Guthrie’s story about his 1965 arrest for illegally dumping the remains of the Thanksgiving dinner became the cult classic song, Alice’s Restaurant Massacree, or just Alice’s Restaurant.
The satirical monologue tells a story set in Great Barrington, Mass., where Alice Brock and her husband Ray lived in a deconsecrated church.
The church started out as St. James Chapel in 1829, and parishioners renamed it Trinity Church after expanding it in 1866. Alice had bought the small Gothic Revival building with $2,000 from her mother.
Alice was an artist, Ray was a woodworker and architect. The young couple was influenced by Jack Kerouac and the Beats. They both worked at the Stockbridge School, a boarding school from which Arlo Guthrie had graduated in Stockbridge, Mass.
Arlo Guthrie, Beatnik
Arlo Guthrie, the son of folksinging legend Woody Guthrie, dropped out of college after his freshman year and came to stay with Ray and Alice for a few weeks. The Brocks acted as surrogate parents to young people like Guthrie who camped out in the church to escape “Establishment pressures” and the draft.
The neighbors hated the “Beatnik commune.” They wrote letters to the editor complaining about it, and honked their horns and yelled when driving by.
Alice opened a restaurant in the back of a row of businesses on Route 7 in Stockbridge, but it isn’t clear if she’d opened it by Thanksgiving in 1965.
Guthrie, 18, and his friend Richard Robbins, 19, joined Alice and Ray’s Thanksgiving dinner that year. Afterward, Alice asked the boys to take the trash to the town dump, but they found it closed. So they threw the trash down a nearby hillside.
Hours later, Stockbridge Police Officer William ‘Obie’ Obanhein called the Brocks. He told Alice he had just spent two very unpleasant hours going through the trash until he found an envelope with the Brocks’ name and address on it.
Alice ratted out Arlo Guthrie and Richard Robbins. Officer Obie (William Obanheim), who had modeled for Stockbridge artist Norman Rockwell, didn’t like the long-haired hippies. He decided to make an example of them. So he arrested the teenagers and put them in a jail cell. Alice, furious with Obie, bailed them out.
Alice’s Restaurant
On the day of their trial, Officer Obie brought detailed photos of the crime to the courtroom. In the song, Guthrie describes his exhibits as
…27 8×10 color glossy pictures with circles and arrows and a paragraph on the back of each one explaining what each one was to be used as evidence against us.
Guthrie also described in the song how Officer Obie watched the judge walk to the bench with a seeing-eye dog.

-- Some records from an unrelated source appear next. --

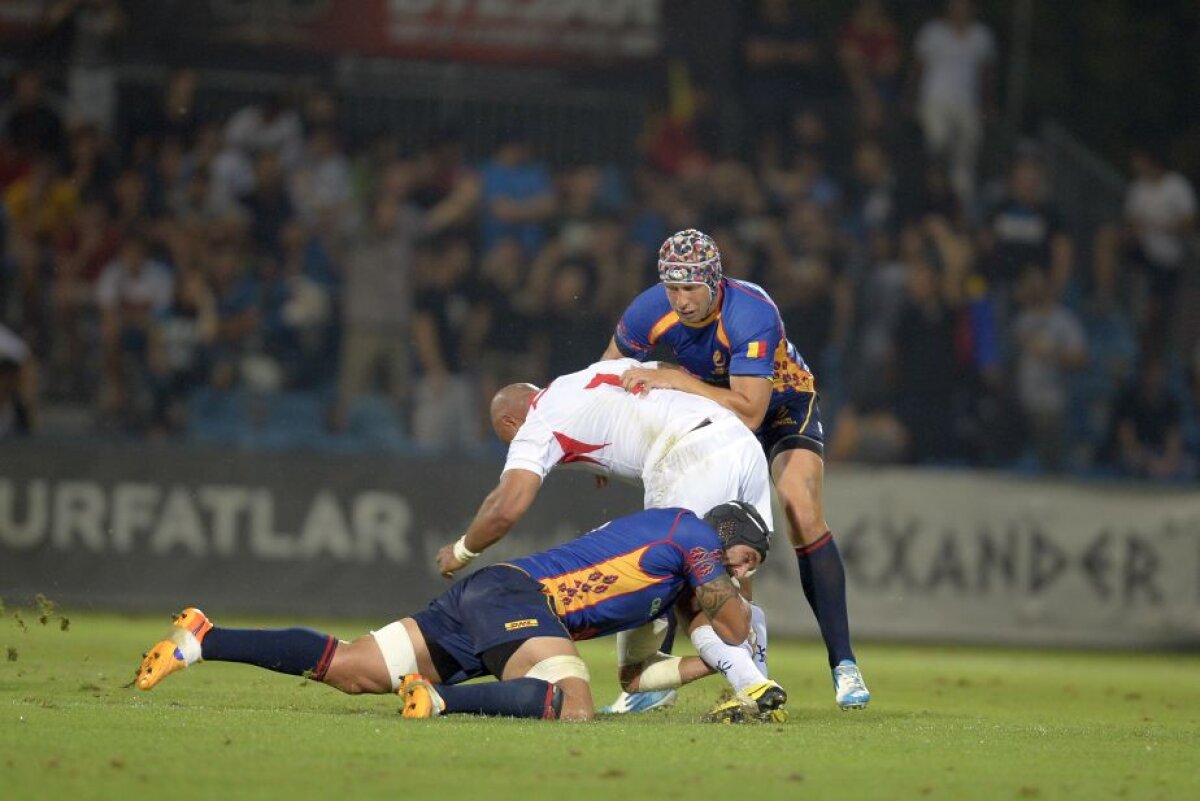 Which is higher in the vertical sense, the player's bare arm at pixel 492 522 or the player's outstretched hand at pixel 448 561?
the player's bare arm at pixel 492 522

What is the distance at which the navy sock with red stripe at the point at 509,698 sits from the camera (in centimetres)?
780

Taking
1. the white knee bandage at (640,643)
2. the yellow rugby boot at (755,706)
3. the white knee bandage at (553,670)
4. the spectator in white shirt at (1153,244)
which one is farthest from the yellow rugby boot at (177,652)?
the spectator in white shirt at (1153,244)

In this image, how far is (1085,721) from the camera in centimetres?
943

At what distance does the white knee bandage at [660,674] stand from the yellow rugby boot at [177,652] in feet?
A: 6.77

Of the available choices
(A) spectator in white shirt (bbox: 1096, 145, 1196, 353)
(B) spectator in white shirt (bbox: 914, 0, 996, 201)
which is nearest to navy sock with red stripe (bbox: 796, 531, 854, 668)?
(A) spectator in white shirt (bbox: 1096, 145, 1196, 353)

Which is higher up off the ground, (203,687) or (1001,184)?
(1001,184)

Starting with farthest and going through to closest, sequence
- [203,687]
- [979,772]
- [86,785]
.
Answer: [203,687] < [979,772] < [86,785]

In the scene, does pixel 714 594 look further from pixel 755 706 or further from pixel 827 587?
pixel 827 587

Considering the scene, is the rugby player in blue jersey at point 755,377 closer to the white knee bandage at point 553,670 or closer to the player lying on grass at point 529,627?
the player lying on grass at point 529,627

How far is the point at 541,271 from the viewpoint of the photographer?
56.0 feet

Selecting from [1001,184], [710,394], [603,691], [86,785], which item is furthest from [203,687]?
[1001,184]

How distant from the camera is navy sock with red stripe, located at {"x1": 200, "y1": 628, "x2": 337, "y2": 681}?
8.01m

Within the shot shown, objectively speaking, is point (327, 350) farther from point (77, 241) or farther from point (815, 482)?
point (815, 482)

The judge fined Guthrie and Robbins $25 each and told them to pick up the garbage. Later, Guthrie was drafted. He was disqualified from military service because he was “morally unfit,” having been convicted of littering. He was sent to the Group W bench, where, he says in the song,
I’m sittin’ here on the Group W bench ’cause you want to know if I’m moral enough to join the Army, burn women, kids, houses and villages after bein’ a litterbug.
The chorus, ‘You can get anything you want at Alice’s Restaurant’ begins and ends the song. Guthrie sang it live on WBAI radio in New York some time in 1967. It was so popular it became a staple of non-commercial radio pledge drives, and many classic rock stations play it every Thanksgiving. Pierre Robert on WMMR 93.3 in Philadelphia plays multiple versions multiple times over the holiday.

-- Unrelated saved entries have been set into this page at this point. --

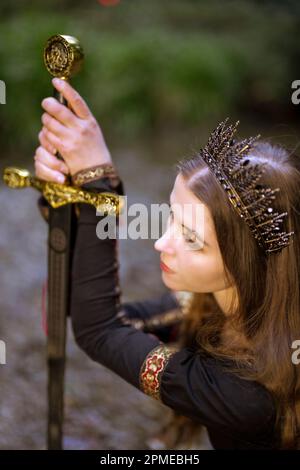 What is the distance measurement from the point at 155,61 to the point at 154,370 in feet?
23.3

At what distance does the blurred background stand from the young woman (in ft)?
0.67

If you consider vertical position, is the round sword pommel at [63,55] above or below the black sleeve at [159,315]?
above

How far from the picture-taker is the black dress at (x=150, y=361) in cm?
136

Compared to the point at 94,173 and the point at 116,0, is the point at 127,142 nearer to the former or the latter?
the point at 116,0

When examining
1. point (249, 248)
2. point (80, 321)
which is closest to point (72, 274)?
point (80, 321)

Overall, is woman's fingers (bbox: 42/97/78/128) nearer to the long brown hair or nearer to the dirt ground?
the long brown hair

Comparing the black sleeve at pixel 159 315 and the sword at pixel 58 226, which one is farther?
the black sleeve at pixel 159 315

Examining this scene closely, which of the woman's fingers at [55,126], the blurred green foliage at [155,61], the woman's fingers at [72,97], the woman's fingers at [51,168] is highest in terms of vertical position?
the blurred green foliage at [155,61]

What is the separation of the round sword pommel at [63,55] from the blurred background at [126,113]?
0.35m

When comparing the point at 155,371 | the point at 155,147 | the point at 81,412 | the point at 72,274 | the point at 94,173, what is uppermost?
the point at 155,147

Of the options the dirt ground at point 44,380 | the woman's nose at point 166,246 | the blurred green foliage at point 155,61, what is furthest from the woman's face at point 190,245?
the blurred green foliage at point 155,61

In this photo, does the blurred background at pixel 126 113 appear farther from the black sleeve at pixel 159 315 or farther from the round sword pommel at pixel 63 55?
the black sleeve at pixel 159 315

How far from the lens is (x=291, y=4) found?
949 cm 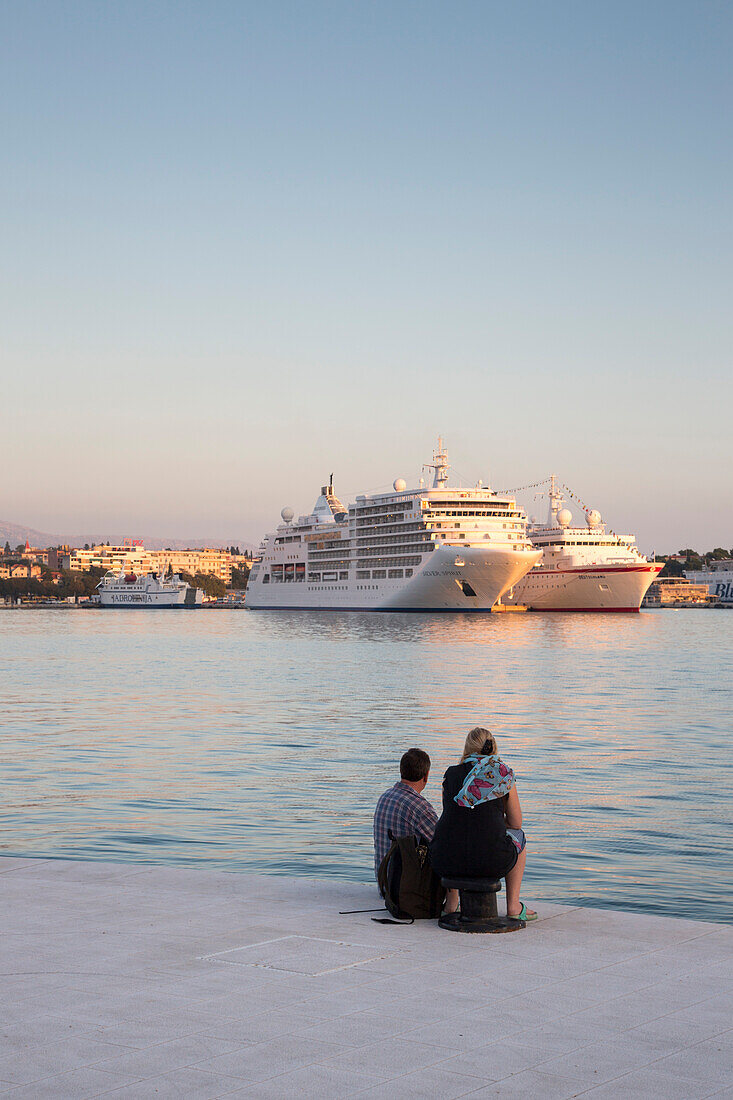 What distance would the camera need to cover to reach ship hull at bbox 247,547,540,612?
111 m

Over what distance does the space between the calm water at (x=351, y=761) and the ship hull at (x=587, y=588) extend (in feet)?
245

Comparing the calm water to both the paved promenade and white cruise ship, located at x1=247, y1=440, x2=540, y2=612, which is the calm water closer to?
the paved promenade

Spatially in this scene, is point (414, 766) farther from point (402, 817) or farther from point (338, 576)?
point (338, 576)

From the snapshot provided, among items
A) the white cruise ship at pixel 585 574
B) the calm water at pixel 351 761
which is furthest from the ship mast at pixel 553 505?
the calm water at pixel 351 761

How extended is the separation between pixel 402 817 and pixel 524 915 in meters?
1.11

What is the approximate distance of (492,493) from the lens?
119 m

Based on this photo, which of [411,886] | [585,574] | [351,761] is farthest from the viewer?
[585,574]

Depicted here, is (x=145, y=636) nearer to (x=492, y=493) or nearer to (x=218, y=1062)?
(x=492, y=493)

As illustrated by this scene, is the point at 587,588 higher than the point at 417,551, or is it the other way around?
the point at 417,551

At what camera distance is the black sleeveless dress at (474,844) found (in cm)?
766

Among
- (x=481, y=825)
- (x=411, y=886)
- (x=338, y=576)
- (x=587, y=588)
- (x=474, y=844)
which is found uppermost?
(x=338, y=576)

Alice’s Restaurant came out as an album in 1967, but the 18-minute, 34-second song was too long for a single. Later, Arlo Guthrie learned President Richard Nixon owned a copy. He joked that explained the 18-1/2 minute gap in the Watergate tapes.
Afterward
Alice sold the church, and it changed hands several times. Many Alice’s Restaurant fans had continued to make pilgrimages to the church, including Arlo Guthrie in 1990.
He felt the building nurtured lasting relationships, so he raised money and bought it. He named it the Guthrie Center, and it houses the Guthrie Foundation, an interdenominational interfaith meeting place.

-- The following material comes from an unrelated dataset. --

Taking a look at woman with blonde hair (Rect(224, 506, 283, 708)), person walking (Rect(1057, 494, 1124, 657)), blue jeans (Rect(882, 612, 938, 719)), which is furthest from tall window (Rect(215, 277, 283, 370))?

Officer Obie died in 1994 at the age of 69. Years after the Alice’s Restaurant incident, he said, “You know, if it had only been a couple of bags of garbage, I would have picked it up myself.”
Alice Brock and Ray Brock subsequently divorced. She lived in Provincetown, Mass., for 40 years until her death on Nov. 22, 2024. Ray Brock died in 1979 of a heart attack.
Watch Arlo
You can watch Arlo Guthrie sing Alice’s Restaurant Massacree at Farm Aid in 2005 here. He suffered a stroke on Thanksgiving in 2019, and gave up touring. “[I]t’s time to hang up the “Gone Fishing” sign,” he wrote on his website. “Going from town to town and doing stage shows, remaining on the road is no longer an option.’
* * *
Need some new ideas for your Thanksgiving feast? How about trying something old — and authentic — from the New England Historical Society. Available from Amazon (click here).
This story about Arlo Guthrie and Alice’s Restaurant was updated in 2024. The image of the Stockbridge Cafe By Dtobias – Own work, CC BY-SA 4.0, https://commons.wikimedia.org/w/index.php?curid=3931984. Image of the Stockbridge School by By Wlmg – Canon 35mm Camera, CC BY-SA 3.0, https://commons.wikimedia.org/w/index.php?curid=28430426. Image of Arlo Guthrie in 2005 By Adam Hammer from Saint Cloud, Minn., USA – Arlo Guthrie, CC BY 2.0, https://commons.wikimedia.org/w/index.php?curid=2595064. Arlo Guthrie in 1979 By Warner Bros. – Original publicity photo, PD-US, https://en.wikipedia.org/w/index.php?curid=41907624.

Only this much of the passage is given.